The two things worth staring at

First: none of this was visible to any individual. That’s not a failure of attention; it’s the shape of the problem. AI-session friction is chronic and minor, so it never triggers a postmortem, and it evaporates when the session ends. Each of us had absorbed our share and moved on. The ranking (this pattern costs the team most) only exists in the aggregate view, and the aggregate view only exists because the entries were comparable: same schema, same small set of root-cause labels, every claim citing a dated session. This is the aggregation idea at the center of the guide this post accompanies, and it’s the part we most wanted to test on ourselves.

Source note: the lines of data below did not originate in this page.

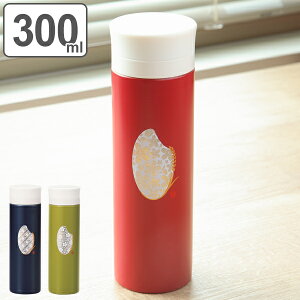  XeX  }O{g Ă 300ml y i XeX{g ۉ ۗ a X{g RpNg {g a XeX   EH[LO  j y3980~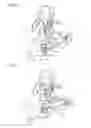 Fig. 07 - Child lock mechanism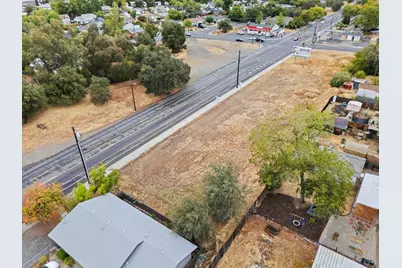 0 E Oro Dam Boulevard, Oroville, CA 95966 - Photo 12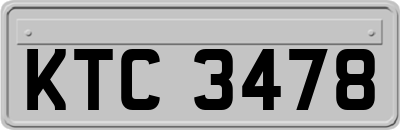 KTC3478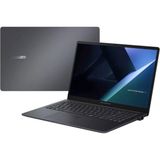 Asus Expertbook B1503CVA Intel C7-150U 16GB Ram 512GB SSD 15.6" Fhd Ekran W11P Laptop W16 (B1503CVA-PS78085) - 512 GB - 16 GB
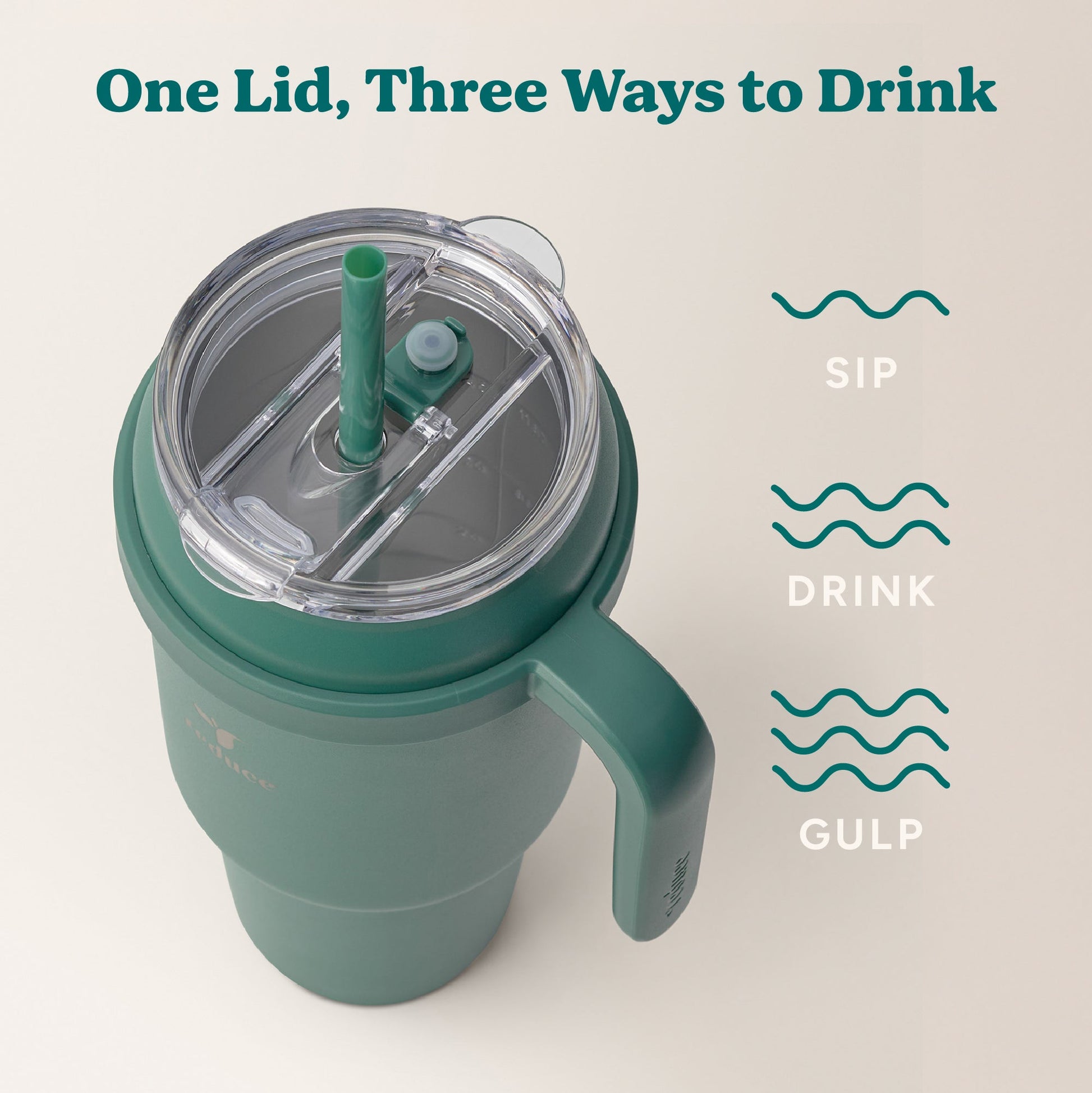 cold1-travel-50-oz-q2 Cold1TravelMug_50oz_Alpine-4.jpg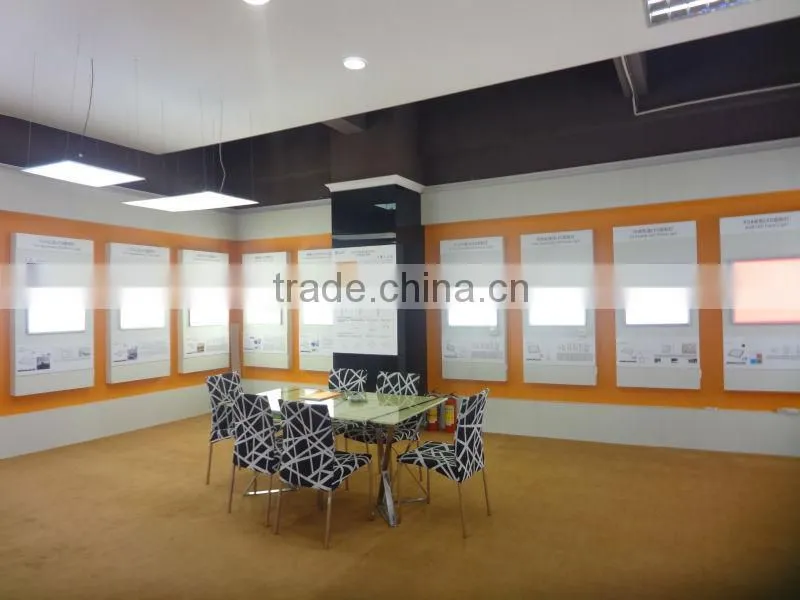2015 shenzhen ip65 kitchen/bathroom18w high lumen led ceiling light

Second: the agents didn’t blame anyone, including themselves, loosely. The entries follow two rules that turned out to matter more than we expected. Friction items describe the gap and what it cost, never who caused it: no names, no “X’s brief.” And “the agent made a mistake” is a residual label, only used when the inputs were genuinely adequate, which is exactly why the 38% figure got our attention: it survived that discipline. The result read like a good retro contribution: specific, evidence-cited, blameless, and slightly embarrassing for everyone equally.

What the room decided

We decided to act on all three of the proposed actions, each at the altitude it named. The “confirm live branch and PR state before mutating” rule goes into each repo’s agent docs, a documentation fix for the eight-session theme. The pre-push hook that runs the CI-equivalent build and tests goes into the repos that got burned by partial checks, an environment fix, so it doesn’t depend on anyone remembering. And the testing-convention doc that was “flagged the day before and never written” is being written, with the crash that slipped through as its worked example.

No grand reorganization, no new process: three ticket-sized fixes with owners. The modesty is deliberate: the whole bet of this practice is that small fixes, aimed at the right level and actually checked next cycle, compound. Whether these three stick is precisely what the next brief’s adoption check will tell us; the same mechanism that caught us last time will be grading us on it.

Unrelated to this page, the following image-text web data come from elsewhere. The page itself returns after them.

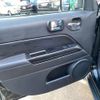 jeep patriot 2010 -CHRYSLER 【名変中 】--Jeep Patriot MK74--AD614516---CHRYSLER 【名変中 】--Jeep Patriot MK74--AD614516- image 12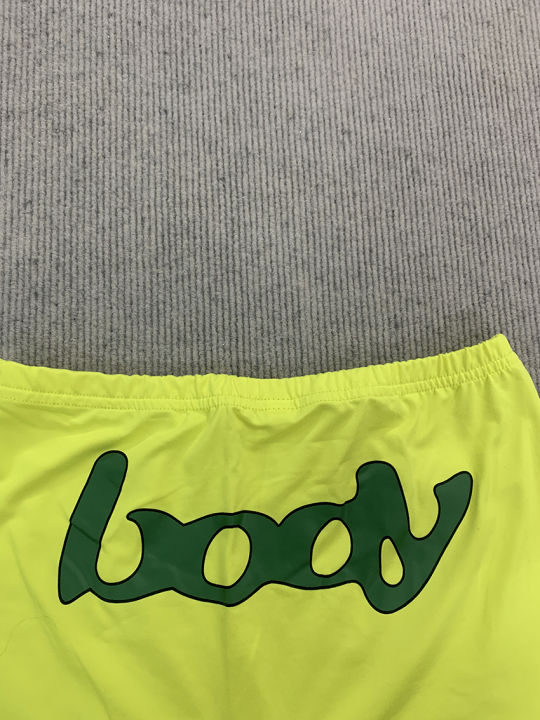 Fashionable%20Aesthetic%20Versatile%20Classic%20Shorts%20Harajuku%20Personalized%20High%20Street%20Trend%20Digital%20Print%20Slim%20%20Top%20Set%20For%20Women%20-%20Image%205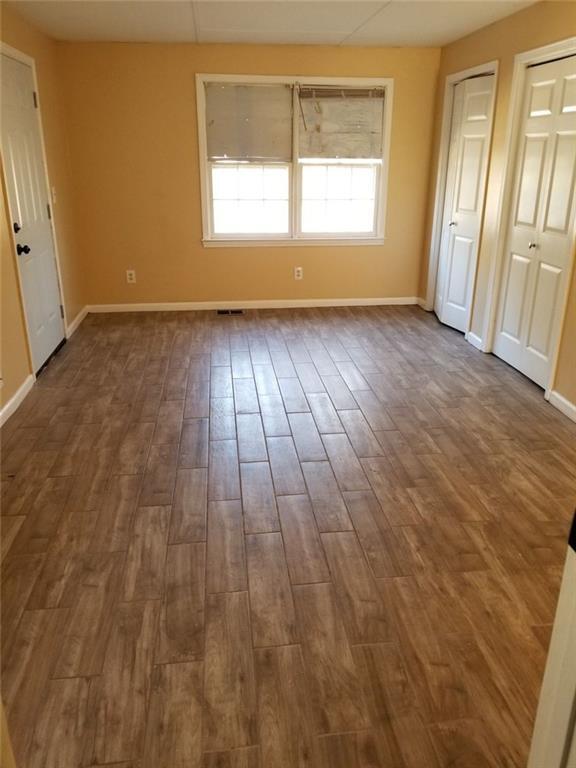 Foto del edificio - 4561 Braselton Hwy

It’s early days, and we’re saying so plainly. But we walked out of that retro more interested in our own working patterns than we’ve been in a while — and a little competitive with a colleague who doesn’t even get tired.

The honest footnotes

This is our first synthesized brief, weeks of data, not months, so we’re treating the rankings as attention allocation, not accounting. The costs in the entries are the agent’s own estimates and are marked as such. The practice’s harder claims (that labels stay consistent between raters, that the trend line actually bends after fixes land) are experiments we’re running rather than assumptions we’re making, and we’ll publish what they say either way.

But the core payoff already showed up: a set of patterns nobody on the team could see individually, ranked, evidenced, and filed into the ceremony where the people who own the fixes were already sitting. Rahul Garg’s Feedback Flywheel includes in its cadence list “an agenda item in the existing sprint retrospective: what worked with AI this sprint?” We can now report that the agenda item is considerably more interesting when your AI teammates file their own items.

Try it on your own team

Everything we used is free and documented in the guide: how the entries work, the root-cause labels, the never-log rules (no secrets, no customer data, and never anything that identifies a person), and the facilitator’s 15-minute agenda item, plus the two skills that implement the capture and synthesis ends. It works with any capable agent and a text file; our product is one place the results can land, not a requirement.

Next cycle, the brief’s adoption check will tell us whether we actually wrote that testing doc this time. We’ll let you know. So will they.